Thanks Olyteddy. So stranded insulated is ok?


----------



## olyteddy

tahoe77 said:


> Thanks Olyteddy. So stranded insulated is ok?


Not an electrician but the 'Great and Powerful GOOGLE' says:



> 250.62 Grounding Electrode Conductor Material. The grounding electrode conductor shall be of copper, aluminum, or copper-clad aluminum. The material selected shall be resistant to any corrosive condition existing at the installation or shall be protected against corrosion. The conductor shall be solid or stranded, insulated, covered, or bare.


----------



## AntAltMike

There is no legal requirement that masts be grounded according to the (Edit/add)*Model NEC* code, and the reports of insurance collection complications are always undocumented and unreferenced . _(Note: when a state or jurisdiction substantially adopts the NEC, it also creates and enacts it own enforcement regulation. Technically, whenever someone cuts a lug off a three prong plug or runs an extension cord under a rug, they are usually violating a provision of a state ordinance, and that would apply to failure to meet the letter(s) of their enacted mast grounding code. The next time someone reports enforcement will be the first, putting them one up on the local mattress tag police. - AAM)_

If I wanted the mast grounded economically to get me whatever safety befits that grounding is supposed to yield, I'd ground it with the largest ground wire I could afford, surely not to exceed 6 gauge, taking the shortest, straightest, most vertical path to an earth grounded metal structure that was metallically connected to the home grounding system or electrode.

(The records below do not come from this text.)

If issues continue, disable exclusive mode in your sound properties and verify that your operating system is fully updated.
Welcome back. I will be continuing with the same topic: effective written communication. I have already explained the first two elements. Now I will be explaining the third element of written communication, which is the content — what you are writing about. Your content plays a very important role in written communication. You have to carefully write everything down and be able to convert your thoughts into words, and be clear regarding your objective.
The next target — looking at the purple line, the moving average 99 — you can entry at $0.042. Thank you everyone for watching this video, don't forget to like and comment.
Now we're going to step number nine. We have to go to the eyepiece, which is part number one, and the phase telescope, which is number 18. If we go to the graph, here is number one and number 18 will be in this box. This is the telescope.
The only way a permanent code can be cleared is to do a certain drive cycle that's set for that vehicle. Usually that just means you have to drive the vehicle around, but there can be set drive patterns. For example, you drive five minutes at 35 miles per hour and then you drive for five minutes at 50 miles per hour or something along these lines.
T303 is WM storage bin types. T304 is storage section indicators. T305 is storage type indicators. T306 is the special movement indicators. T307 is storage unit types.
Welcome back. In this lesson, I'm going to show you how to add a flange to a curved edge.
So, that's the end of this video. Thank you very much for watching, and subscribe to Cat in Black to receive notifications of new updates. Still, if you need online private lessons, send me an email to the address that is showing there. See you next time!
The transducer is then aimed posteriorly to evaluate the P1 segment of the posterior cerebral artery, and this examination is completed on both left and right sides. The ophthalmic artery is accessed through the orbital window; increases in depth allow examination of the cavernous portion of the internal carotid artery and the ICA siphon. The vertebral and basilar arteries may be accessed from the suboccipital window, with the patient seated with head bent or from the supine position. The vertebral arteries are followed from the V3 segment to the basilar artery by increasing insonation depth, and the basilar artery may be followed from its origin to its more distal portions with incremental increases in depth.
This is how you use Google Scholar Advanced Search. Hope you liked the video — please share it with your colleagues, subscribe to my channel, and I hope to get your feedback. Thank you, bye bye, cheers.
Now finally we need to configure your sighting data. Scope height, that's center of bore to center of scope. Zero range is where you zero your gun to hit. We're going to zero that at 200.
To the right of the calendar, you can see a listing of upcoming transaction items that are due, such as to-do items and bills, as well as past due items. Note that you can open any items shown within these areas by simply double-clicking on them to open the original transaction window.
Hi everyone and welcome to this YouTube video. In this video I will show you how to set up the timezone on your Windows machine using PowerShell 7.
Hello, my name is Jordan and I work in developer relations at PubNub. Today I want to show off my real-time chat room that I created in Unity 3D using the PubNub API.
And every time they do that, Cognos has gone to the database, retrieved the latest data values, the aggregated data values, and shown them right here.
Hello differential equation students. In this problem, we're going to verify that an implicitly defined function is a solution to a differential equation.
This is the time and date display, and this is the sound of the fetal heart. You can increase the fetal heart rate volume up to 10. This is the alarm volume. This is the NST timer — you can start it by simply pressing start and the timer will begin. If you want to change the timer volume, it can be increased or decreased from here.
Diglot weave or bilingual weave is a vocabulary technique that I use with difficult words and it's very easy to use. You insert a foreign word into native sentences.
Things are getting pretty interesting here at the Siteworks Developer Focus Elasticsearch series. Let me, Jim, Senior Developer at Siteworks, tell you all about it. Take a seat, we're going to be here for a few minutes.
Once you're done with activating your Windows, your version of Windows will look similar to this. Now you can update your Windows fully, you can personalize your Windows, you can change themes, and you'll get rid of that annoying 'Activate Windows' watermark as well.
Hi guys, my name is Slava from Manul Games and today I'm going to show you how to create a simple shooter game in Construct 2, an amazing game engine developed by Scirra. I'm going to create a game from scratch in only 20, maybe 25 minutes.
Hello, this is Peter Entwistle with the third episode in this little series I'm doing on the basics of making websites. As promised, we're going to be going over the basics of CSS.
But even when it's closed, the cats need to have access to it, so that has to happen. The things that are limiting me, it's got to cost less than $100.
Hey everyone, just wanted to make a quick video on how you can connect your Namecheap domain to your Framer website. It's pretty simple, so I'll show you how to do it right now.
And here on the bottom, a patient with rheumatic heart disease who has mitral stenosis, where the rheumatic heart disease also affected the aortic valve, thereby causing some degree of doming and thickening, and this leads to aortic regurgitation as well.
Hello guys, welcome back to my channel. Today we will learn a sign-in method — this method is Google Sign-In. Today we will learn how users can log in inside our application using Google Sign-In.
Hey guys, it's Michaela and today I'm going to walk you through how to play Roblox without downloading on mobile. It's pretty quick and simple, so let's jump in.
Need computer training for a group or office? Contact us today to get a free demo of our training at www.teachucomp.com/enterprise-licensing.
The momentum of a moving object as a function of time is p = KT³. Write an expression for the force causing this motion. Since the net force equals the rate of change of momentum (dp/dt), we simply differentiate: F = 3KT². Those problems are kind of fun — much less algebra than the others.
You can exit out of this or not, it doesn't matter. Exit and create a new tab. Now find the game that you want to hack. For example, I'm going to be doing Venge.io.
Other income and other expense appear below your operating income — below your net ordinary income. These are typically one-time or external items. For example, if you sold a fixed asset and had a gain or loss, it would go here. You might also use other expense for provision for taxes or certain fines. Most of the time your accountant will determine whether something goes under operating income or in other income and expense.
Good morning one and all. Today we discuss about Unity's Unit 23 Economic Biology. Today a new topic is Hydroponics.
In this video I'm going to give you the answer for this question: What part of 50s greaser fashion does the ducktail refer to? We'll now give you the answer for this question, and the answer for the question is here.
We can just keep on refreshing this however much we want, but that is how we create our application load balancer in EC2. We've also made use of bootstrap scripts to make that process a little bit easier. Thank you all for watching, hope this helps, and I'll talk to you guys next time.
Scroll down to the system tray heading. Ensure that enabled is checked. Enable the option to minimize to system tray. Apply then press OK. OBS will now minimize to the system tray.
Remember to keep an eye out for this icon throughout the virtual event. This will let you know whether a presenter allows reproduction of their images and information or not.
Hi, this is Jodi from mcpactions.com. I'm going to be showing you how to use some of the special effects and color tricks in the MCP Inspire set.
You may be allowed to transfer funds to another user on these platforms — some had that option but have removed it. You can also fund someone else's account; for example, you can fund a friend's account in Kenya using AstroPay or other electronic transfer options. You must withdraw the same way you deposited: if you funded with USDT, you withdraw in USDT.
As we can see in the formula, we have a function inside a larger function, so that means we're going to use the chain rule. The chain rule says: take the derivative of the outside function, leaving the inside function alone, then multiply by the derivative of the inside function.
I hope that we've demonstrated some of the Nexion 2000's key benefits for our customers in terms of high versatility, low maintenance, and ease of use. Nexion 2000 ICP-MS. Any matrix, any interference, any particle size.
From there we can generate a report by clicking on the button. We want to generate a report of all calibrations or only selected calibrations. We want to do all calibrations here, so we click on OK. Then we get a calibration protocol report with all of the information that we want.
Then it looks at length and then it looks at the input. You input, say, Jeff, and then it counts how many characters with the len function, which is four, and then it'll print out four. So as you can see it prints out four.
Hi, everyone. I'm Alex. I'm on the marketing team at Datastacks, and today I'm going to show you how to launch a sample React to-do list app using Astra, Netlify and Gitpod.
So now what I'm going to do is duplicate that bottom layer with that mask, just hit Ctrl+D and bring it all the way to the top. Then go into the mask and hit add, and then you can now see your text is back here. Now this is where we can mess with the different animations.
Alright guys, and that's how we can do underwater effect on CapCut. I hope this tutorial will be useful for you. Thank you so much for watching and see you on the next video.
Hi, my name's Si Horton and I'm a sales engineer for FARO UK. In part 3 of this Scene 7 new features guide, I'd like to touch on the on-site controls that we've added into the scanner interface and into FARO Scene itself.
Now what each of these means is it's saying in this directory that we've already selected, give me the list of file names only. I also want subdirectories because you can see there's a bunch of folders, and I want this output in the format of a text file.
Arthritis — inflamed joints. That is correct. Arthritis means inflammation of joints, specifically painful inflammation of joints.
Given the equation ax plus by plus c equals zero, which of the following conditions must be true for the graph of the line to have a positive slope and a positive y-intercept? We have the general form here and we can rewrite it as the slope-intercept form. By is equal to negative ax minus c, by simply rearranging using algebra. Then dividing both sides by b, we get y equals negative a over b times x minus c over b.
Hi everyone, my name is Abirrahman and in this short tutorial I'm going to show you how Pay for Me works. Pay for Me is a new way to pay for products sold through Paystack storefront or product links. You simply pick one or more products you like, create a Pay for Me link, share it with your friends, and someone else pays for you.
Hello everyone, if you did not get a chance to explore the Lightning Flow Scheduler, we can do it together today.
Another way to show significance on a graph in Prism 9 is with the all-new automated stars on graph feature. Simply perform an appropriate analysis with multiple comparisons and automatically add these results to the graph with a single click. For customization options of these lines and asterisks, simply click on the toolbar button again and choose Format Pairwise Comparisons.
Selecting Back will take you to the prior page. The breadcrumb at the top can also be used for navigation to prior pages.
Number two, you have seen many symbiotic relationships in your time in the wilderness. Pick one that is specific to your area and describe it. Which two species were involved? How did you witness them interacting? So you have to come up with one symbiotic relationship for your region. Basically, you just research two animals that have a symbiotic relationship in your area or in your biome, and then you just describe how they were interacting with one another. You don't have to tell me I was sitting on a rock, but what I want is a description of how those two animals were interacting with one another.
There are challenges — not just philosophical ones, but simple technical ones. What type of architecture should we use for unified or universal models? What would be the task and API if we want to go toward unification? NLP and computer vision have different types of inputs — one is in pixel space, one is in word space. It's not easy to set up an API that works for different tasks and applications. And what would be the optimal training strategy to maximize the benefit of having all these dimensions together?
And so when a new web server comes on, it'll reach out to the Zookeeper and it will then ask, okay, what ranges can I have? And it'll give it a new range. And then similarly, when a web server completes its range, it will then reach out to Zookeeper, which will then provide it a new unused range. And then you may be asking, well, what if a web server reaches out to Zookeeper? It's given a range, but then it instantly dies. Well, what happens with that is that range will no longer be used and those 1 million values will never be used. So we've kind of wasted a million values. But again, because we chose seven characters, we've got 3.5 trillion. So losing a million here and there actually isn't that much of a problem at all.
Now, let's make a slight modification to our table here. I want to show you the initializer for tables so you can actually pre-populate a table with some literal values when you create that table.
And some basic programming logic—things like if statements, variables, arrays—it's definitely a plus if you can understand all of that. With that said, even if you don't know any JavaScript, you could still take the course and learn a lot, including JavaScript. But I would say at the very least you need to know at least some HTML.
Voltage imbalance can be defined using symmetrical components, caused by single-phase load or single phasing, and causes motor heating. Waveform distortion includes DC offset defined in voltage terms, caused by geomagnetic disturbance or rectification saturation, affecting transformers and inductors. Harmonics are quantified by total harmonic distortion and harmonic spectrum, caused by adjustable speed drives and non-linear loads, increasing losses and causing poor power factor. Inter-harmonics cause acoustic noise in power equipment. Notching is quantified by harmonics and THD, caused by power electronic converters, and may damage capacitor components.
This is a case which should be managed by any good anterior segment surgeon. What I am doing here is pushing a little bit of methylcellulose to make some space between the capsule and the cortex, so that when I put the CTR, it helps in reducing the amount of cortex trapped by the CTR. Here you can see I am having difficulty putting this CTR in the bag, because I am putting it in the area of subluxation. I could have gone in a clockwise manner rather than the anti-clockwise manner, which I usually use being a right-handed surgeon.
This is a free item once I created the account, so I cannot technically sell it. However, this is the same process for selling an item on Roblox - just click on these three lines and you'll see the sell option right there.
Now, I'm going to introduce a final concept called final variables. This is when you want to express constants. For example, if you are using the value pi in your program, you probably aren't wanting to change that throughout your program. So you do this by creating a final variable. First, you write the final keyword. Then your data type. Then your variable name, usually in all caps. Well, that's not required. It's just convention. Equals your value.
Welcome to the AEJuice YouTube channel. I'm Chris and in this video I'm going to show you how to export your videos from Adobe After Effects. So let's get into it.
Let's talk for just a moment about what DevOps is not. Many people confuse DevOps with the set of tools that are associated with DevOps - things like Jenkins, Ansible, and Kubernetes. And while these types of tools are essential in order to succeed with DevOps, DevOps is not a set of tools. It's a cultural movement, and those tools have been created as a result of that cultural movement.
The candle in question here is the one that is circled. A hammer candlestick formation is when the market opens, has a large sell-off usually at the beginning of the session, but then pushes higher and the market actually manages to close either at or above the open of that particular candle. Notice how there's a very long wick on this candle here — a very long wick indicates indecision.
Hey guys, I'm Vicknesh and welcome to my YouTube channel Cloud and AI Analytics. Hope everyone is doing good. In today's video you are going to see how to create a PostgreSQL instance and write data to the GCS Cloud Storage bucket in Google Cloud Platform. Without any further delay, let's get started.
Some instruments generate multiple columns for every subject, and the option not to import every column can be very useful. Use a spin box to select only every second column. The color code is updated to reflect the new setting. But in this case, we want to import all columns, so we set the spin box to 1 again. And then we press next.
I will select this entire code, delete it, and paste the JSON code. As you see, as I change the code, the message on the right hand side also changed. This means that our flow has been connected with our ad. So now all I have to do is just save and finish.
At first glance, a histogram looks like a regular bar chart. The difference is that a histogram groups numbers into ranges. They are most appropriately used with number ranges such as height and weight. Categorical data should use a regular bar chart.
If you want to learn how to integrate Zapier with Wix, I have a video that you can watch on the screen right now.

In your situation, I'd just connect the mast to the cold water pipe with anything, even a strand of 14 gauge solid that is in the thermoplastic shielded cable, sometimes called by the popular brand name"Romex*"*, that you might have lying around.

I don't have the wherewithal to update my knowledge of the current wrinkles of the 2014 edition of the code, but last I knew, or sort of knew, there were some fuzzy standards for shortness and straightness of the initial length of mast grounding conductor that goes from the mast to some actually part of the ground electrode system, and last I knew, even a 6 gauge wire from the mast to your electrical service panel did not meet the letter of that requirement if it was 60 feet laterally away, so I see little point in spending much time and money meeting one or two of the NEC specifications when you know you are not going to meet all of them.

The code says to attach to the mast, not to the mast bracket, and grounding wire attachment is normally only permitted directly to screws that are used for no other purpose, but I am always satisfied to simply wrap the ground wire around a bracket screw or bolt that attaches the mast to the house or other exterior structure. If you do that, you should scrape some paint off the mast where it contacts the bracket. and probably smear grease on that surface so that it doesn't rust up.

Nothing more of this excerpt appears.